Среди современных историков большевизма и советского коммунизма идея о религиозных корнях русской революции не является доминирующей. Политическая история не знает реального — массового, действенного, вооруженного — участия русских сект в революционной борьбе. Возможно, однако, что проблема лежит глубже. История идей потому и интересна как таковая, что идеи не являются отражением реальности. Идеи принадлежат к миру воображаемого и в этом своем качестве обладают странной способностью изменять реальность. Когда такое вмешательство идей в жизнь приобретает особо крупные размеры, это называют революцией. Русская литература, философия и политическая мысль — не зеркала русской революции; скорее наоборот, революции совершались в текстах, а оттуда смотрелись в свое историческое отражение, тусклое и всегда неверное. Поэтому история текстов, разразившихся революцией, имеет самостоятельное значение. Среди прочего имеют значение и те идеи, проекты, обещания, которые вообще никогда не осуществлялись в политической действительности. Возможно даже, что такого рода фантазии имеют самое большое значение. Именно они привели тех, кто принимал их за реальность, к созданию новой реальности, радикально отличной от знакомых им реальностей, в том числе и от реальностей их воображения. В этих терминах, которые сегодня ассоциируются с Жаком Лаканом, революция есть переход Воображаемого в Реальное[42]. Механизмом такого перехода является символизация обоих, Воображаемого и Реального. В области Символического они поначалу и встречаются: в текстах, написанных кабинетными интеллектуалами; в сознании их читателей, будущих лидеров революции; в публичной сфере, в которой обращаются массы. В конце концов дело доходит до Реального, той самой истории, в ходе которой изменяется жизнь всех — авторов и читателей, лидеров и масс.
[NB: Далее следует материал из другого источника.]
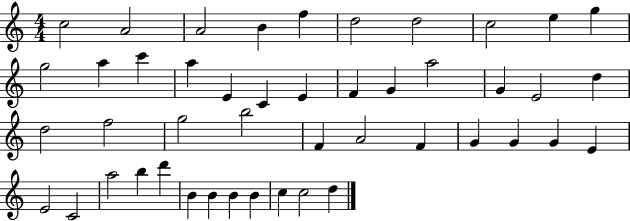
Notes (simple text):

C5/h A4/h A4/h B4/q F5/q D5/h D5/h C5/h E5/q G5/q G5/h A5/q C6/q A5/q E4/q C4/q E4/q F4/q G4/q A5/h G4/q E4/h D5/q D5/h F5/h G5/h B5/h F4/q A4/h F4/q G4/q G4/q G4/q E4/q E4/h C4/h A5/h B5/q D6/q B4/q B4/q B4/q B4/q C5/q C5/h D5/q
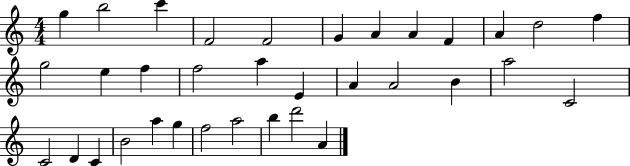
{
  \clef treble
  \numericTimeSignature
  \time 4/4
  \key c \major
  g''4 b''2 c'''4 | f'2 f'2 | g'4 a'4 a'4 f'4 | a'4 d''2 f''4 | \break g''2 e''4 f''4 | f''2 a''4 e'4 | a'4 a'2 b'4 | a''2 c'2 | \break c'2 d'4 c'4 | b'2 a''4 g''4 | f''2 a''2 | b''4 d'''2 a'4 | \break \bar "|."
}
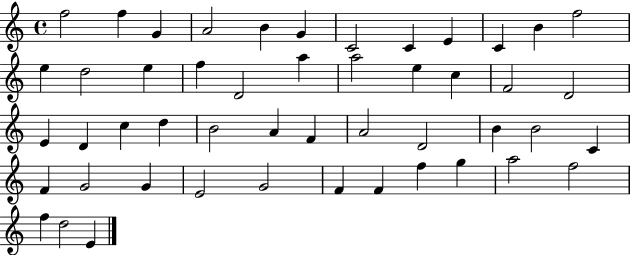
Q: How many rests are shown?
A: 0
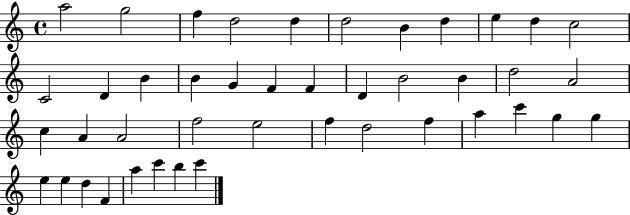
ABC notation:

X:1
T:Untitled
M:4/4
L:1/4
K:C
a2 g2 f d2 d d2 B d e d c2 C2 D B B G F F D B2 B d2 A2 c A A2 f2 e2 f d2 f a c' g g e e d F a c' b c'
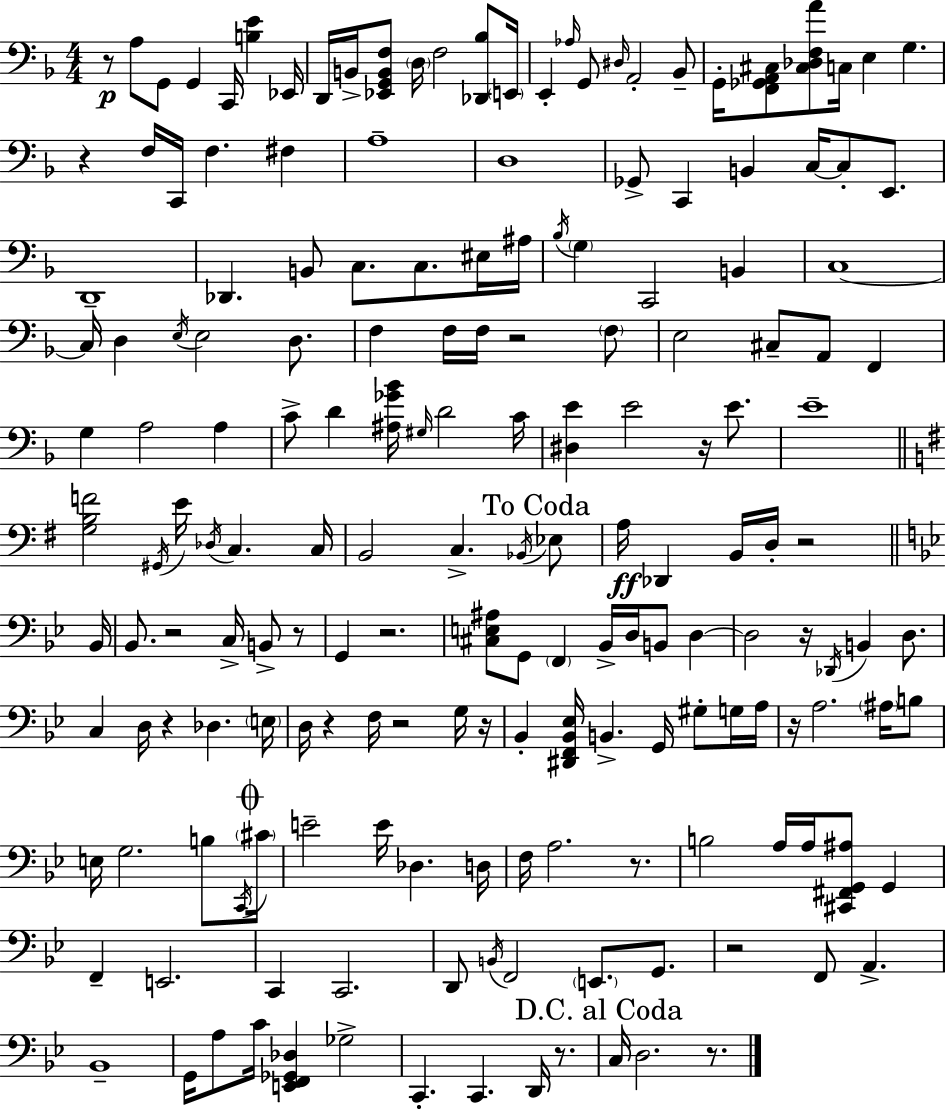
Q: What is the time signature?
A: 4/4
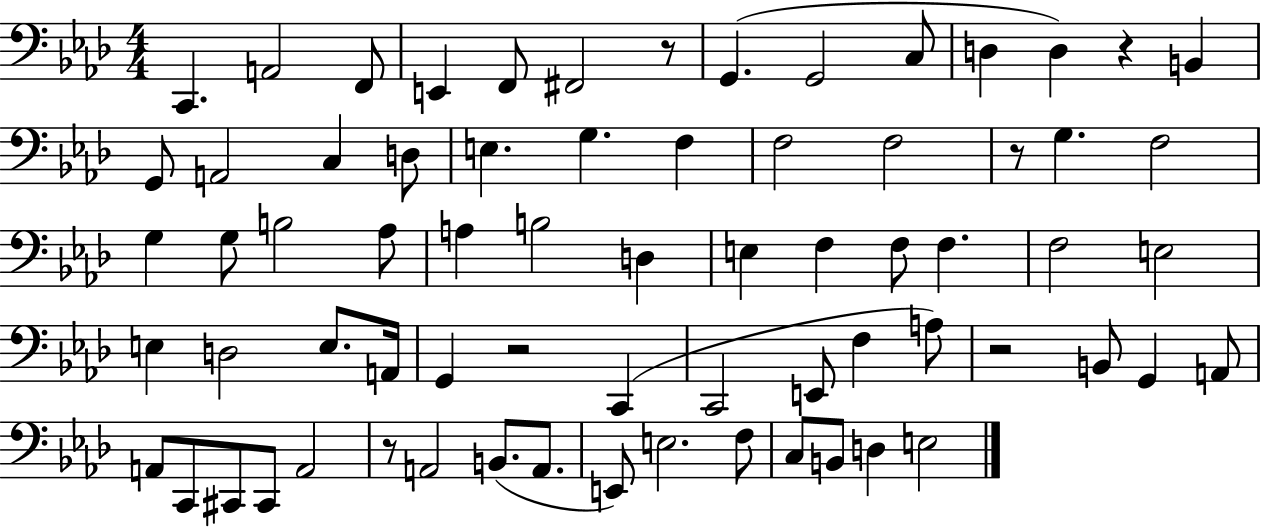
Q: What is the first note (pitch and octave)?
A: C2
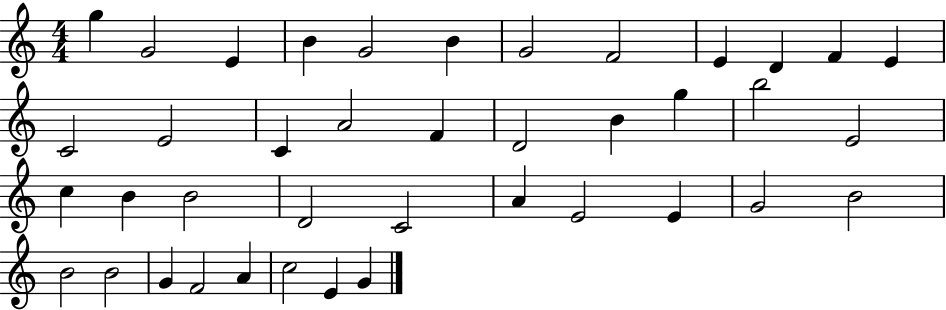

Явную и общепризнанную роль религиозные секты играли в английской и американской революциях, а не во французской и русской[43]; но революционная роль кальвинизма, квакерства, пуританизма питалась не Апокалипсисом. Макс Вебер описал пуритан и близкие к ним протестантские секты как аскетические религии индивидуального спасения[44]. В противоположность этому, апокалиптическая вера есть вера в коллективное Преображение. Этим она противостоит протестантской этике, которая полагается на индивидуальное спасение человека через его внешнюю деятельность. Дух капитализма и определяется, по Веберу, переходом от идеи чудесного, коллективного, внешним образом определенного спасения — к спасению личному, внутренне детерминированному и рационально-постижимому. Поэтому апокалиптические секты противоположны духу капитализма, хотя и могут иногда вступать в союз с силами, пролагающими ему дорогу; так английские рантеры на время революции присоединились к пуританам. Взаимное тяготение хилиазма и коллективизма[45] представляет собой важный феномен социологии религии, нечто противоположное веберовскому описанию протестантской этики. Если протестантские секты связаны с духом капитализма, то апокалиптические секты Нового времени — с борьбой против него; с надеждой на новый порядок, который придет ему на смену; и с попытками строить такой порядок, не дожидаясь Второго Пришествия или, наоборот, уже дождавшись его в собственной деревне. Капитализм оказался эффективным средством против Конца Света. Но те, кто не ценит плоды цивилизации и не верит в Дух капитализма, использовали и продолжают использовать образы Апокалипсиса как оружие борьбы. Хилиазм созвучен революции, а не труду, направленному в будущее; духу коллективной дисциплины, а не индивидуальной инициативы; и харизматическому лидерству. Идея коллективного спасения разворачивается в нарративах всеобщего преображения, тотальной революции, культа вождя, конца истории, суперкарнавала.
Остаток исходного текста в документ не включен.